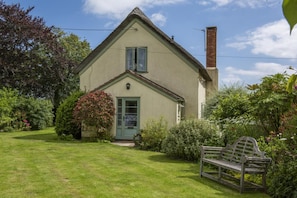 A house with a thatched roof, a chimney, and a front door. - 2 Bed in Weston (oc-a45906) (Weston)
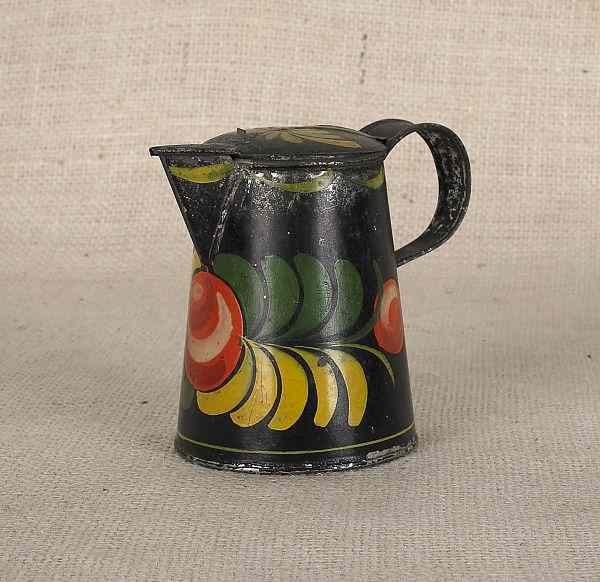 Appraisal: Black tole syrup pitcher th c with polychrome fruit decoration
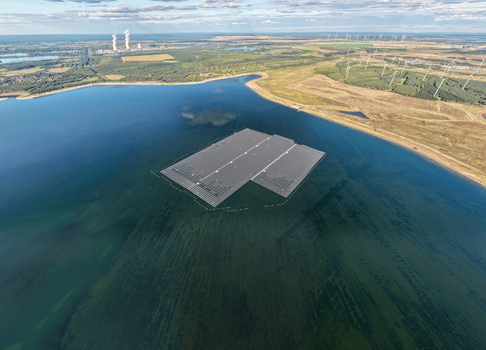 Aerial view of the floating solar park on Cottbuser Ostsee a former open pit mine with the Janschwalde Power Plant and wind turbines in the background in Cottbus Brandenburg Germany. Aerial view of the floating solar park on Cottbuser Ostsee a former open pit mine with the Janschwalde Power Plant and wind turbines in the background in Cottbus Brandenburg Germany.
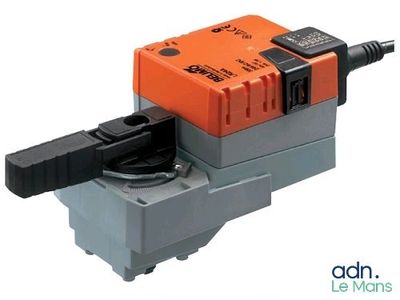 a close up of an orange and black switch on a white background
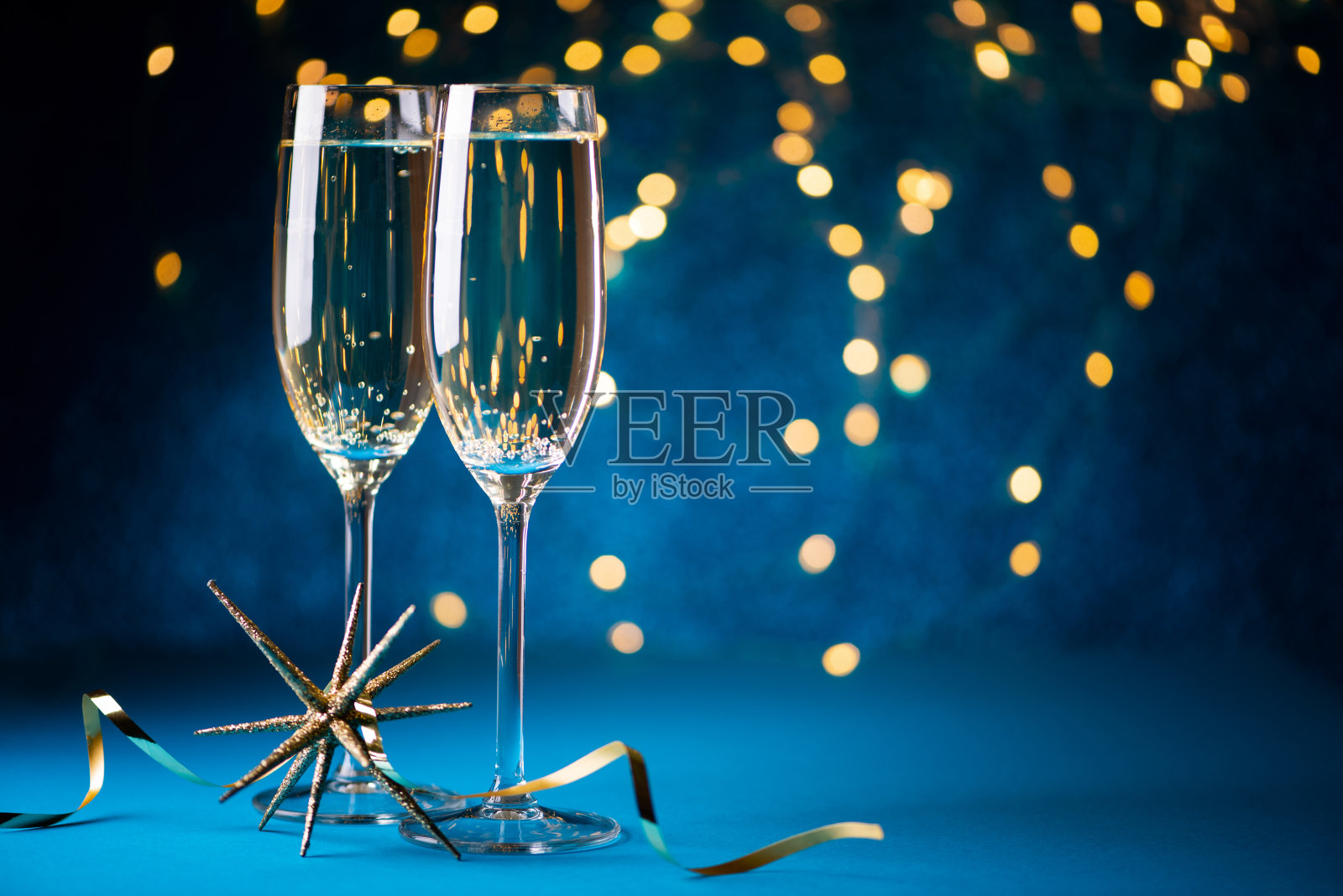 以散景灯光为背景，两杯香槟。新年庆祝概念照片摄影图片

== == ==

> [REQUIREMENT] Output only the stretch above from the line with "Appraisal: Black tole" through the line with "Brandenburg Germany. Aerial", reproduced exactly. Exclude pictures.

> [SOLUTION TO THIS PROBLEM]
 Appraisal: Black tole syrup pitcher th c with polychrome fruit decoration
 Aerial view of the floating solar park on Cottbuser Ostsee a former open pit mine with the Janschwalde Power Plant and wind turbines in the background in Cottbus Brandenburg Germany. Aerial view of the floating solar park on Cottbuser Ostsee a former open pit mine with the Janschwalde Power Plant and wind turbines in the background in Cottbus Brandenburg Germany.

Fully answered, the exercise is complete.